SAN JUAN CAPISTRANO, Calif.--(BUSINESS WIRE)--
Emerald Expositions Events, Inc. (NYSE:EEX) (“Emerald”) today announced
that it will release full first quarter 2017 results before the market
opens on Thursday, May 25, 2017. The Company will hold a conference call
to discuss the results at 11:00 am EDT that same day.
The conference call can be accessed by dialing 1-877-407-9039 (domestic)
or 1-201-689-8470 (international). A telephonic replay will be available
approximately two hours after the call by dialing 1-844-512-2921, or for
international callers, 1-412-317-6671. The passcode for the replay is
13661942. The replay will be available until 11:59 pm EDT on June 1,
2017.
Interested investors and other parties can access the webcast of the
live conference call by visiting the Investors section of Emerald’s
website at http://investor.emeraldexpositions.com.

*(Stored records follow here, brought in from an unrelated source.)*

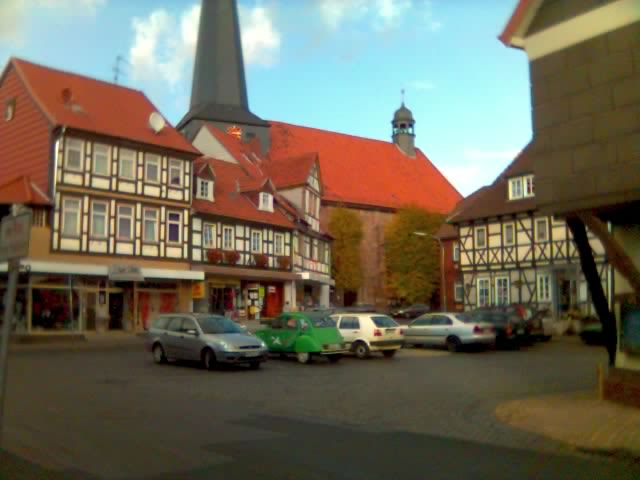 Umzug von Katlenburg-Lindau nach Zypern per Container: LINDAU Marktplatz in Katlenburg-Lindau – Foto: Ichneumon, Public domain, via Wikimedia Commons Umzug von Katlenburg-Lindau nach Zypern per Container: LINDAU Marktplatz in Katlenburg-Lindau
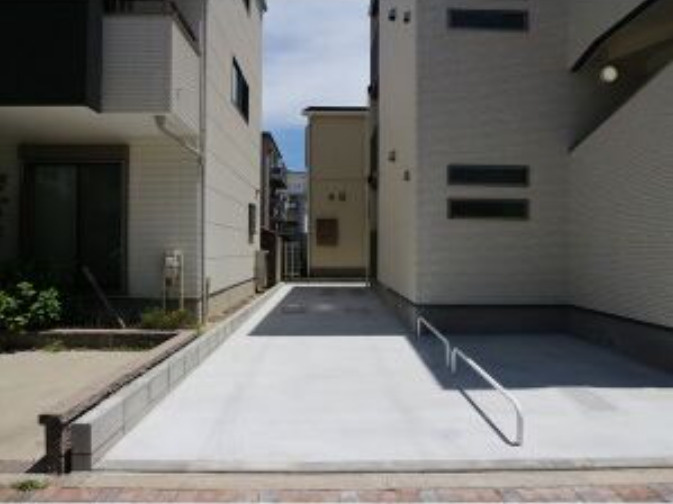 REGALEST中村公園西のエントランス
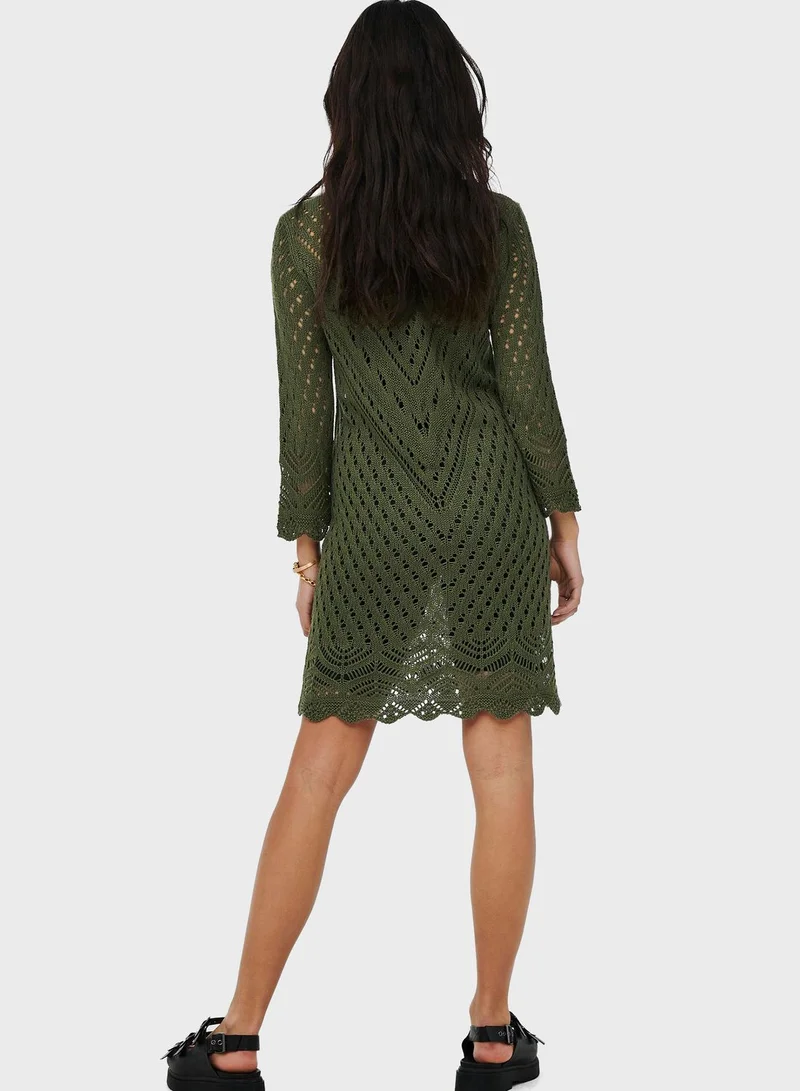 جاكلين دي يونج فستان بياقة V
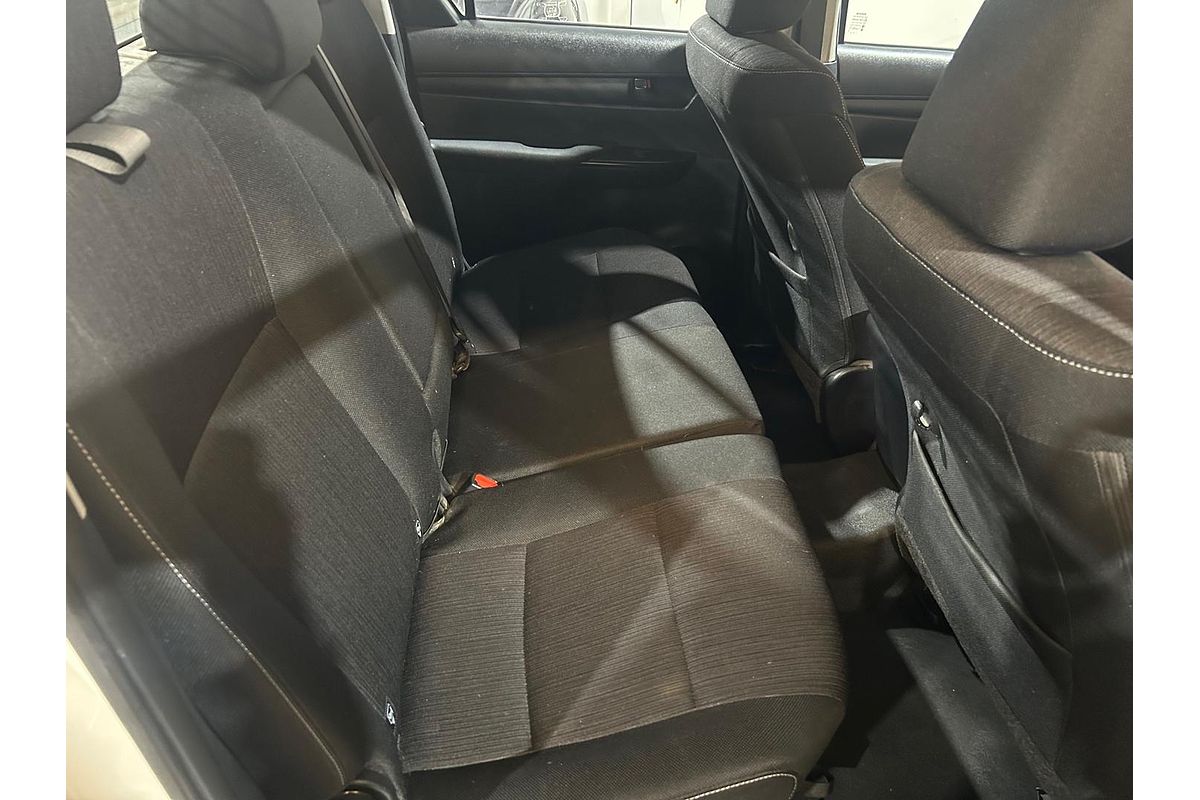 2018 Toyota Hilux SR GUN126R 4X4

The online replay will be available on the same website immediately
following the call.
The Company also announced the following initial information regarding
its unaudited results of operations for the first quarter of 2017:
For the first quarter of 2017, Emerald reported revenues of $135.7
million compared to revenues of $127.8 million for the first quarter of
2016, an increase of $7.9 million, or 6.1%. The increase in revenues
reflected organic growth of 2.9% and growth from acquisitions of 3.3%.
Cost of sales of $36.6 million for the first quarter of 2017 increased
by 14.9%, or $4.7 million, from $31.8 million for the first quarter in
2016. The increase was mainly attributable to costs associated with
acquisitions and show launches as well as higher sponsorship costs.
Net income increased by $0.1 million to $28.3 million from $28.2 million
in the first quarter of 2016, largely reflecting lower interest expense
due to the refinancing during the fourth quarter of 2016 of our
previously outstanding 9.000% Senior Notes due 2021 with term loans
bearing a lower interest rate, and a lower average debt balance in the
first quarter of 2017 compared to the first quarter of 2016. These
interest cost savings were largely offset by expenses associated with
the Company’s initial public offering and other transaction related
costs.
For the first quarter of 2017, Adjusted EBITDA was $72.9 million
compared to $71.7 million for the first quarter of 2016, an increase of
1.7%. This performance reflected strong revenue growth partially offset
by cost of revenue and selling, general and administrative expenses
increasing, as expected, at a greater rate than the increase in revenues.
Adjusted EBITDA for the twelve months ended March 31, 2017 was $153.4
million, while Acquisition Adjusted EBITDA for the twelve months ended
March 31, 2017 was $162.2 million. Adjusted EBITDA and Acquisition
Adjusted EBITDA are financial measures that are not calculated in
accordance with GAAP. For a discussion of our presentation of Adjusted
EBITDA and Acquisition Adjusted EBITDA, see below under the heading
“Non-GAAP Financial Information”. For a reconciliation of Adjusted
EBITDA and Acquisition Adjusted EBITDA to net income, see Annex I
attached hereto.
About Emerald Expositions
Emerald is the largest operator of business-to-business trade shows
in the United States by net square footage (“NSF”), with most of our
trade shows dating back several decades. Emerald currently operates more
than 50 trade shows, including 31 of the top 250 trade shows in the
country as ranked by TSNN, as well as numerous other events. In 2016,
Emerald’s events connected over 500,000 global attendees and exhibitors
and occupied over 6.5 million NSF of exhibition space.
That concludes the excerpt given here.